● Brief descriptive captions

· · ·

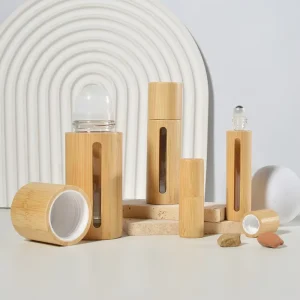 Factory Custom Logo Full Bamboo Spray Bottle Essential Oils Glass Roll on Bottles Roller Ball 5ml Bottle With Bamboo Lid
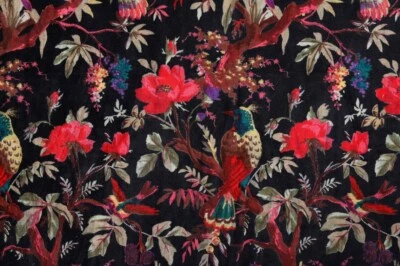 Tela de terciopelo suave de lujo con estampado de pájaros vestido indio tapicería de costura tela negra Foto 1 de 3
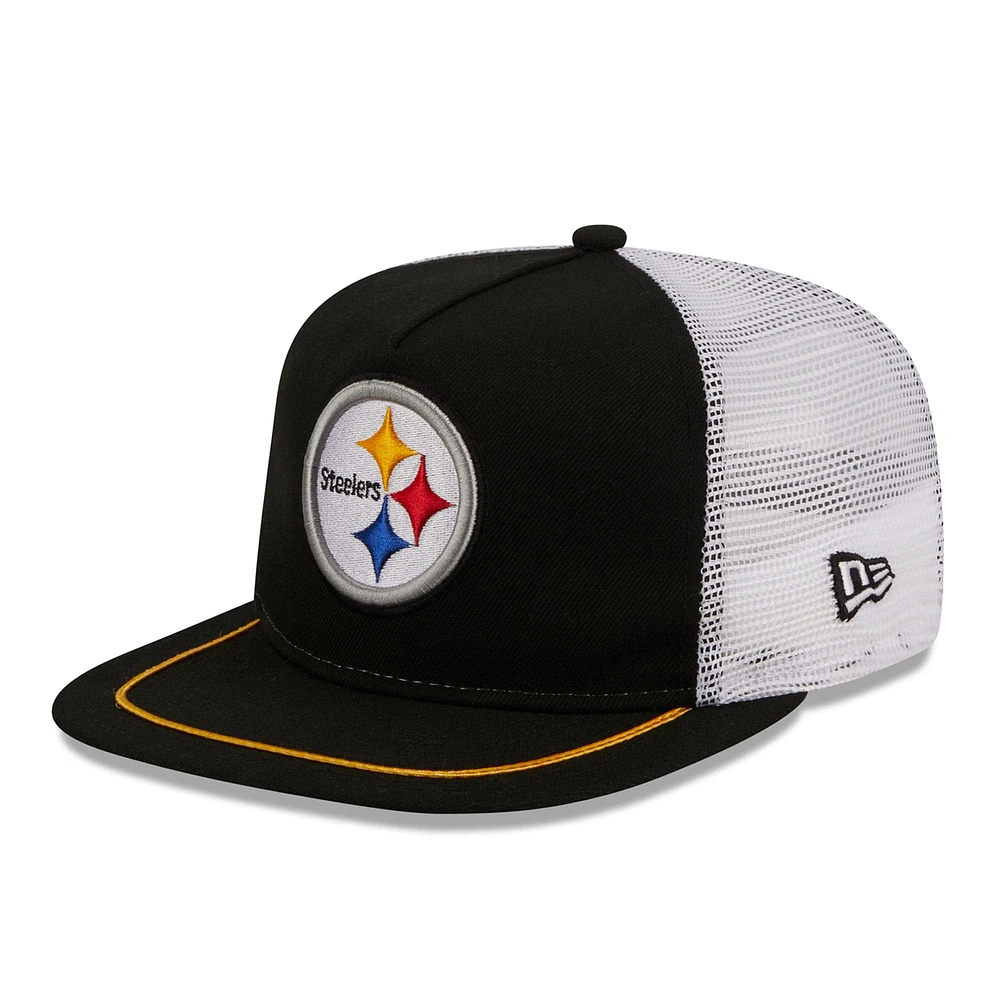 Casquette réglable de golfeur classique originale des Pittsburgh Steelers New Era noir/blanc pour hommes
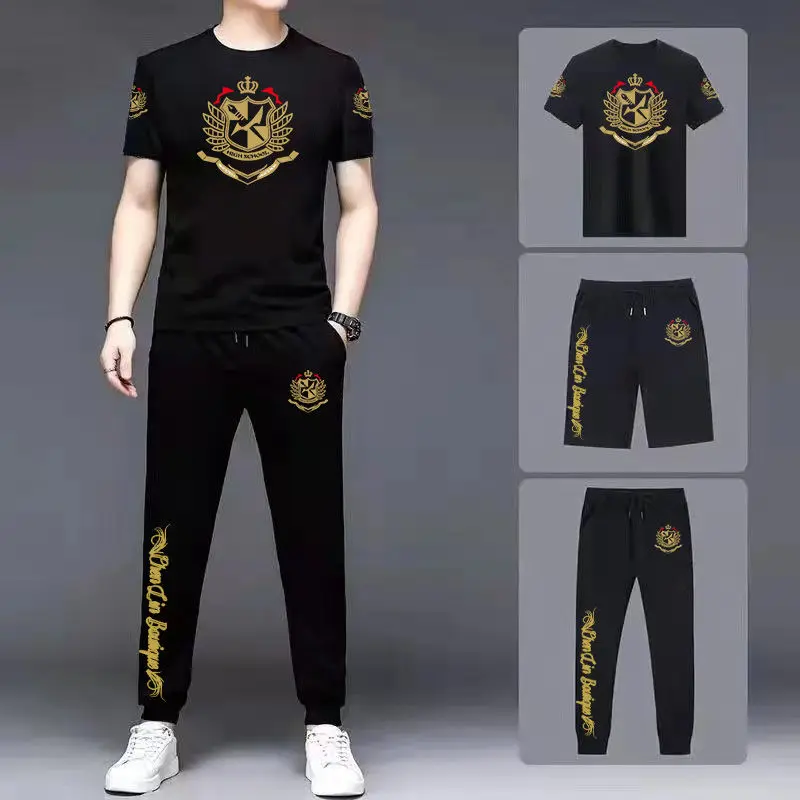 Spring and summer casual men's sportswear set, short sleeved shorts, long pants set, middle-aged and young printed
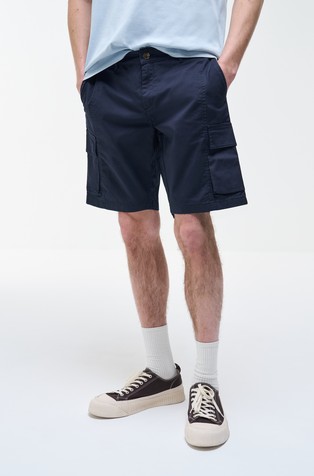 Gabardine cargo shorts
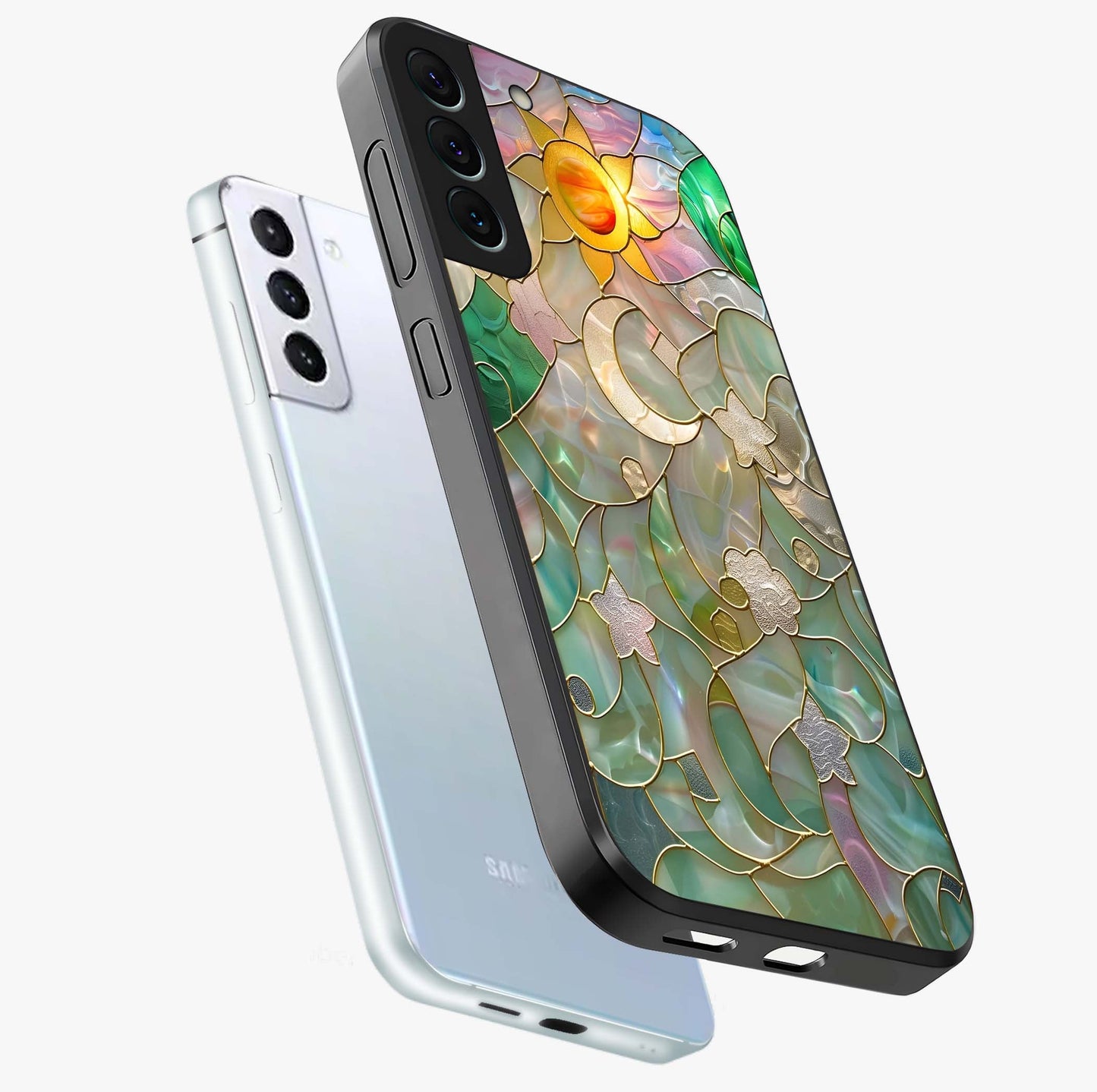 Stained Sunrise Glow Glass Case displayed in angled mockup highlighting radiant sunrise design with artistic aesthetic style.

· · ·

● Problem
Word for word, repeat each line of the records, and leave every image out.

● Exercise result
 Factory Custom Logo Full Bamboo Spray Bottle Essential Oils Glass Roll on Bottles Roller Ball 5ml Bottle With Bamboo Lid
 Tela de terciopelo suave de lujo con estampado de pájaros vestido indio tapicería de costura tela negra Foto 1 de 3
 Casquette réglable de golfeur classique originale des Pittsburgh Steelers New Era noir/blanc pour hommes
 Spring and summer casual men's sportswear set, short sleeved shorts, long pants set, middle-aged and young printed
 Gabardine cargo shorts
 Stained Sunrise Glow Glass Case displayed in angled mockup highlighting radiant sunrise design with artistic aesthetic style.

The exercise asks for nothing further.